Modeling Steam Game Prices for Indie Developers

Overview

This project focuses on estimating baseline prices for Steam games, helping indie and small development teams make informed pricing decisions. Without access to market research or publisher support, developers may struggle to price games fairly—too high can discourage buyers, while too low can undervalue their work.

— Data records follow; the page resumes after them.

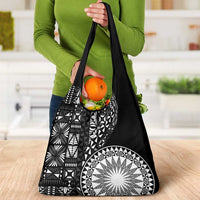 Black Tongan Ngatu Fonulei Pattern Grocery Bag
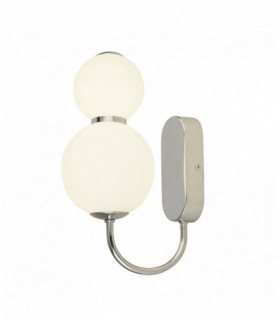 2-Light Snowball Wall Light, Chrome with Opal Glass Shade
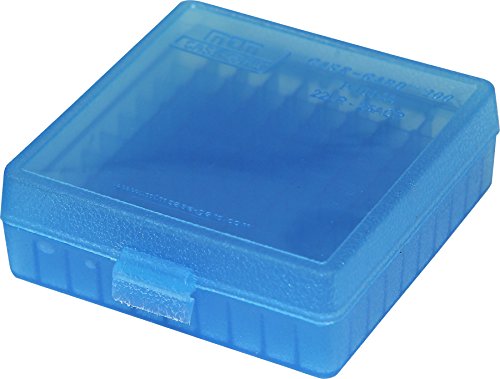 100-Round Flip-Top Ammo Box for .22 LR and .25 ACP - Clear Blue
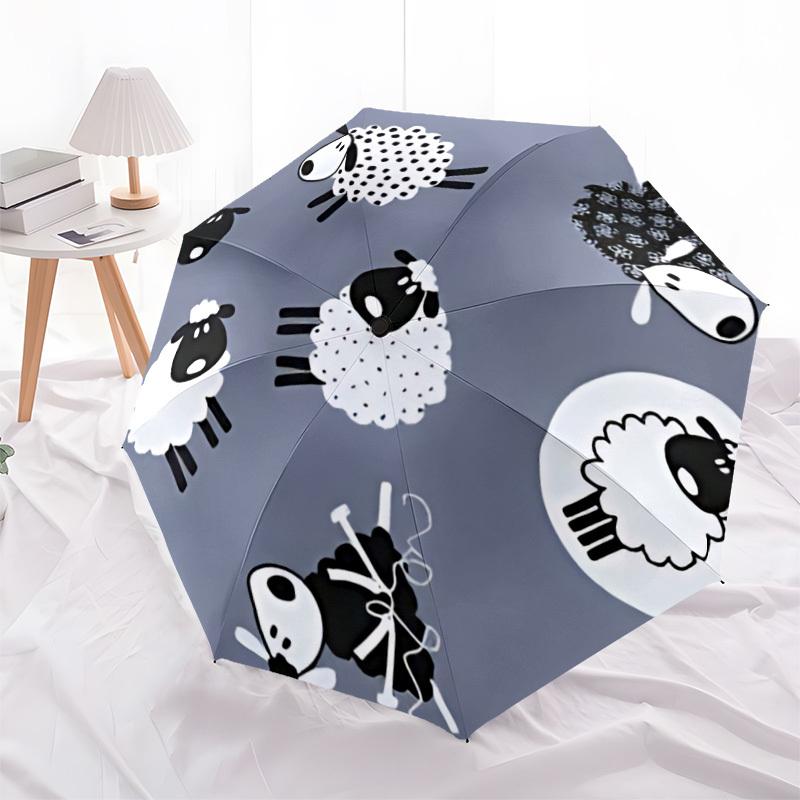 1pc Sheep Pattern Automatic Opening/Closing Folding Umbrella with 8 Ribs, Plastic Handle, Windproof Portable Sunshade Umbrella yy251222196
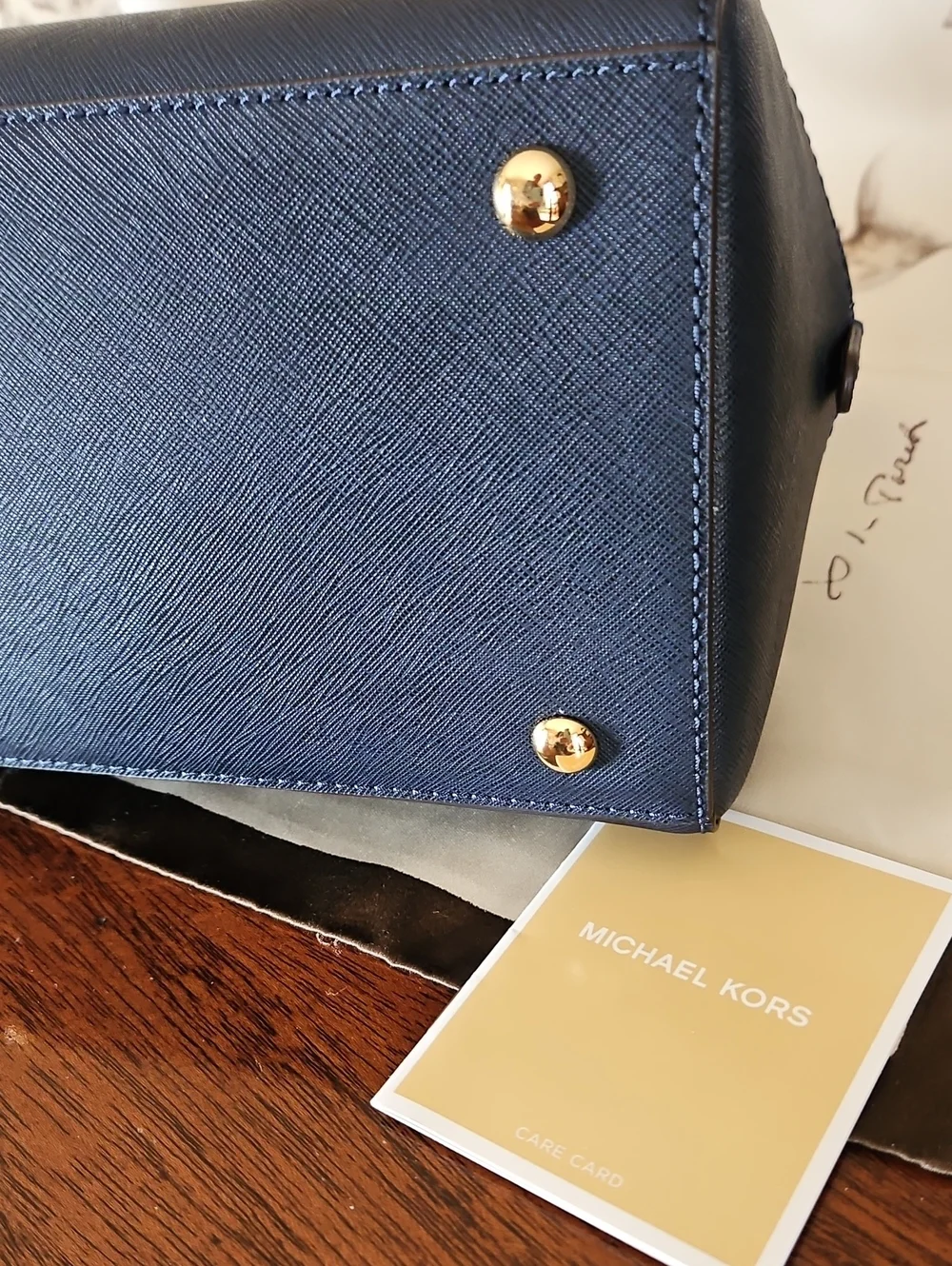 MICHAEL KORS Navy Saffiano Leather Satchel/Crossbody Bag with Gold Hardware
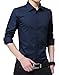 XTAPAN Men's Long Sleeve Casual Slim Fit Cotton Button Down Dress Shirt Asian 3XL Dark Blue-5618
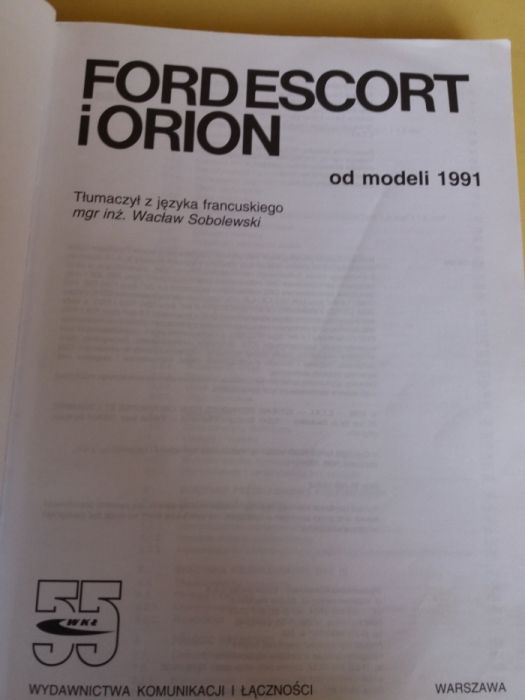 Poradnik- instrukcja obsługi Ford Escort i Orion od modelu z 1991r.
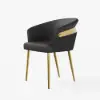 Modern Black PU Leather Upholstered Dining Chair with Metal Legs, 2 Pieces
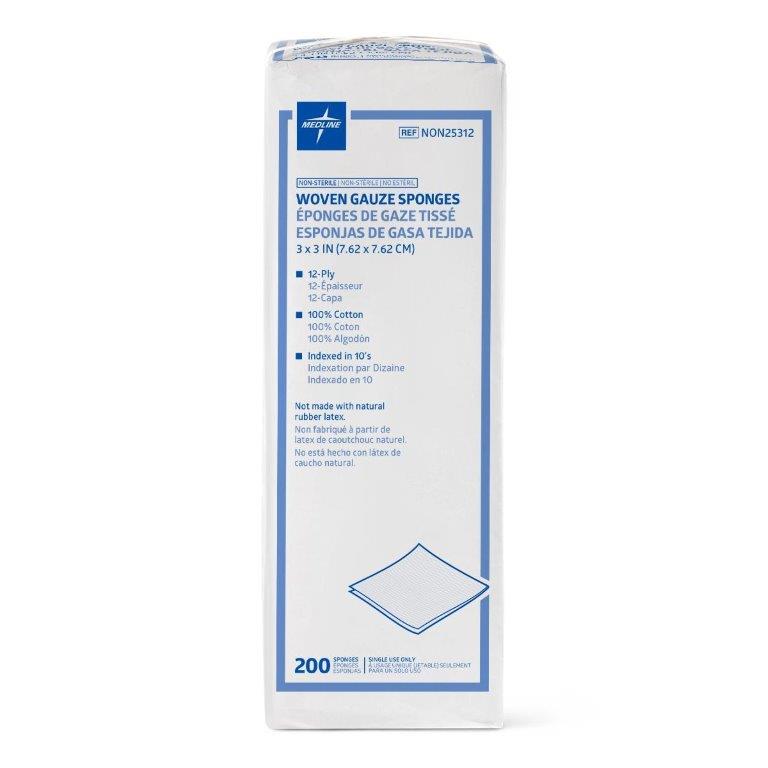 Woven Non-Sterile Gauze Sponge 3" x 3", 12-Ply - Replaces 6025312H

The goal of this project was to build predictive regression models that use game characteristics (genres, categories, release timing) and, optionally, publisher context to provide baseline pricing guidance for developers.

Dataset

Source: Kaggle – Steam Games Dataset (2021–2025)
Size: ~65,000 games
Features:
- appid → Unique game ID
- name → Game title
- release_date → Release date
- price → Listed price in USD
- genres → Game genres (multi-label)
- categories → Game features (e.g., single-player, controller support)
- developer → Game developer
- publisher → Game publisher
- recommendations → Number of user recommendations

Target Variable

price → Continuous numeric variable representing the game’s price

Data Cleaning & Preparation

Removed outliers (games priced above $70)
Filled missing genre, category, and publisher information
Converted multi-label genres and categories to binary features using one-hot encoding
Created numeric features: number of genres, number of categories, release month, and season
Grouped rare publishers under “Other” to reduce sparsity
Used sparse matrices to efficiently handle high-dimensional categorical features

Exploratory Data Analysis (EDA)

Key insights:

Certain genres (e.g., Action, RPG) tend to have higher prices
Free-to-play titles are present but relatively rare
User recommendations loosely correlate with price
Release month and season show minor effects on pricing trends

Visualizations included:

Price distributions by genre and category
Scatterplots of price vs. recommendations
Heatmaps of genre and category co-occurrence
Boxplots comparing pricing by publisher

Modeling Approach

Models: Ridge Regression, Random Forest, Gradient Boosting, LightGBM

Two scenarios were evaluated:

No-Publisher Model – simulates self-published or first-time developers; uses only game attributes (genres, categories, release features).
Publisher-Aware Model – simulates games released through established publishers; incorporates publisher, release year, and recommendation counts in addition to game attributes.

Evaluation Metrics:

Mean Absolute Error (MAE)
Root Mean Squared Error (RMSE)
R² Score
Mean Absolute Percentage Error (MAPE)

Results

No-Publisher Model

Model	MAE ($)	RMSE ($)	R²	MAPE (%)
Ridge Regression	4.37	6.86	0.254	152.3
Random Forest	3.83	6.40	0.350	108.7
Gradient Boosting	4.03	6.54	0.323	124.7
LightGBM	3.88	6.36	0.359	114.3

Publisher-Aware Model

Model	MAE ($)	RMSE ($)	R²	MAPE (%)
Ridge Regression	4.49	7.01	0.222	159.9
Random Forest	3.64	6.02	0.425	110.2
Gradient Boosting	3.75	6.05	0.421	120.9
LightGBM	3.66	6.07	0.415	111.3

Key takeaway:

Tree-based models (Random Forest, LightGBM) outperform linear regression in both scenarios.
Publisher and recommendation data significantly improve predictive performance.
No-Publisher models provide a conservative, realistic baseline for indie developers with limited information.

Technologies Used

JupyterLab
LightGBM
Matplotlib
NumPy
Pandas
Python
Scikit-learn
Seaborn

Future Improvements

Incorporate time-series pricing and sales data
Develop genre-specific pricing models
Recommend price ranges instead of single price points
Evaluate model explainability (feature importance, SHAP)

Why This Project Matters

This project demonstrates applied machine learning for business decision-making in the gaming industry. It highlights how structured historical data can inform fair pricing, particularly for independent developers, while emphasizing ethical use of predictive models to avoid pressuring developers toward market averages.